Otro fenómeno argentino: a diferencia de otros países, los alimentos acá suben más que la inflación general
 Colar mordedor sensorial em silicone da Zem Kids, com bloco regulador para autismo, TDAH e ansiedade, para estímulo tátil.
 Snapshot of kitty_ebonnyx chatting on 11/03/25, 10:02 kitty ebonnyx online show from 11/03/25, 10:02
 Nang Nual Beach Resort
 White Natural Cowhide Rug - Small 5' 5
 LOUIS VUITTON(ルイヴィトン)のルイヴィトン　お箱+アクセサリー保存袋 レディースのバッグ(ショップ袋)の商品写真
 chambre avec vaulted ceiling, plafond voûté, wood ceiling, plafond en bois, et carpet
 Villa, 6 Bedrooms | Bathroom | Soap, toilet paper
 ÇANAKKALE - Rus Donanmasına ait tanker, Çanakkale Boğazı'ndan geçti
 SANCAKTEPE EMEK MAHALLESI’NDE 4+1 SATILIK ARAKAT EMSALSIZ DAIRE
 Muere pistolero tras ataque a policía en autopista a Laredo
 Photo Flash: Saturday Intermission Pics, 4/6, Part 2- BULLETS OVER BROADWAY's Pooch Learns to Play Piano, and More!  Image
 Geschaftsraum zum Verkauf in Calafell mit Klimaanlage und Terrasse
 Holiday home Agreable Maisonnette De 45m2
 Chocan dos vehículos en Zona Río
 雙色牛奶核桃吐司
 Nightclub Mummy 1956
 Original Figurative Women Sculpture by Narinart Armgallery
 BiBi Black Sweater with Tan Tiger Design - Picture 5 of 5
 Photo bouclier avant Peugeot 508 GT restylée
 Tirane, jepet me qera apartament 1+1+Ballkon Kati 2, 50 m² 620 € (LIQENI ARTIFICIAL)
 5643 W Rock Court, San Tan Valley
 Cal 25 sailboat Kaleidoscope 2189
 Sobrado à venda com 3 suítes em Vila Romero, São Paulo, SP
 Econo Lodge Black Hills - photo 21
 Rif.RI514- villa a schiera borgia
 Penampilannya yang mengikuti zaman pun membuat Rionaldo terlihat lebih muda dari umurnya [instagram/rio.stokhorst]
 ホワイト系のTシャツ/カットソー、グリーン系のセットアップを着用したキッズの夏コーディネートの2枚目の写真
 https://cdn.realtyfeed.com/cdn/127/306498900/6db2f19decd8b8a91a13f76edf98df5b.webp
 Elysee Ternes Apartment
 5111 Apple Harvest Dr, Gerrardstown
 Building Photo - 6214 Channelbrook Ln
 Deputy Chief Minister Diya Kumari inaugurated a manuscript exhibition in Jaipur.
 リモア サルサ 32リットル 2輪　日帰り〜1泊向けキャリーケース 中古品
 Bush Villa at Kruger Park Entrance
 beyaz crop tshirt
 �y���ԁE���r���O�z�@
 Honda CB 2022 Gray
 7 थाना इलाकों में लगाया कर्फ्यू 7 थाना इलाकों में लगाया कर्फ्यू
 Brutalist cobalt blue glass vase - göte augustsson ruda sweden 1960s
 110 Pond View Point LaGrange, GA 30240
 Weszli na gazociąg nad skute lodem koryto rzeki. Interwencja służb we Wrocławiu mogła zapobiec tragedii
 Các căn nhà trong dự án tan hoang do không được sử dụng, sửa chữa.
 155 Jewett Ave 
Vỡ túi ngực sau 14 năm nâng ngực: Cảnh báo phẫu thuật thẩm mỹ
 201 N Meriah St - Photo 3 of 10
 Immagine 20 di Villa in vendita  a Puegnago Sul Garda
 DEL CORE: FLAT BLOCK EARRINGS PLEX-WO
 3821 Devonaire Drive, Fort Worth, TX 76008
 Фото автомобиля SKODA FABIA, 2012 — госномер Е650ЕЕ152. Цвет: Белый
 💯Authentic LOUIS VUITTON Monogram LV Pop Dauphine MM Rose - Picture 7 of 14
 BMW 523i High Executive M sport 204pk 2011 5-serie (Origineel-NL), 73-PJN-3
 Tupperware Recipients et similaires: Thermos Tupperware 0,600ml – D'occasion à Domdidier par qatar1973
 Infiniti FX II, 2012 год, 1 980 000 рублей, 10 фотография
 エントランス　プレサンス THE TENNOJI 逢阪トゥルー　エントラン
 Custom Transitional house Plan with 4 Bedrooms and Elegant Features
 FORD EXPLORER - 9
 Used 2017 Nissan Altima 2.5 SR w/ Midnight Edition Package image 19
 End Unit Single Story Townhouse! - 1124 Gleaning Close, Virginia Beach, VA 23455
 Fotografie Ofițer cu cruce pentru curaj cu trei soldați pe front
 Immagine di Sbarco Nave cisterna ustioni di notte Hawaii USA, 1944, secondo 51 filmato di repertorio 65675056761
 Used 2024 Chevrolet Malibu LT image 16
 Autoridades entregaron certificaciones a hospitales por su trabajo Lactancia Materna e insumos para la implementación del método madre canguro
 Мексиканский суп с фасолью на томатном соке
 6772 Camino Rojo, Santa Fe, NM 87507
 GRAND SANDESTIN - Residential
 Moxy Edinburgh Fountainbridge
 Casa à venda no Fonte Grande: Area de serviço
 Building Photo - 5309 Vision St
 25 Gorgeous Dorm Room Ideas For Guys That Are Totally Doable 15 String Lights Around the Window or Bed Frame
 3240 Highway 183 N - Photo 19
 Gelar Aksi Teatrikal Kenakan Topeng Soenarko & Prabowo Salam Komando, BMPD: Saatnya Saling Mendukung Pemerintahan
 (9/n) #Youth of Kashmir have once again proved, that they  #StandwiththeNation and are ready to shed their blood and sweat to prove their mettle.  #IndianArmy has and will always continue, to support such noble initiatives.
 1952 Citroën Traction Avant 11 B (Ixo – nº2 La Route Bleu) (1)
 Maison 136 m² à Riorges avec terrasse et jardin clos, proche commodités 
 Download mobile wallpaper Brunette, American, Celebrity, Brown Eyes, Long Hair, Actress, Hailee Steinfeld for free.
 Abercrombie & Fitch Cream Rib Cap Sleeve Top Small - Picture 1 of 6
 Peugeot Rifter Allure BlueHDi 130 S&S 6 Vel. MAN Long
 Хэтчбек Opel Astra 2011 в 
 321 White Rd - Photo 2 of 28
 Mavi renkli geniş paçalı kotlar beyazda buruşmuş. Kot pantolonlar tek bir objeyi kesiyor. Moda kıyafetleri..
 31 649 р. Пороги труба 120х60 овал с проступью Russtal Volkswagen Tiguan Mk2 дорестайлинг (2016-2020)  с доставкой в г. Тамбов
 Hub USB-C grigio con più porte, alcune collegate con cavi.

**TASK INSTRUCTIONS:**
In the listing above, each line with the word "LOUIS" is to be copied out.

**WRITTEN SOLUTION:**
 LOUIS VUITTON(ルイヴィトン)のルイヴィトン　お箱+アクセサリー保存袋 レディースのバッグ(ショップ袋)の商品写真
 💯Authentic LOUIS VUITTON Monogram LV Pop Dauphine MM Rose - Picture 7 of 14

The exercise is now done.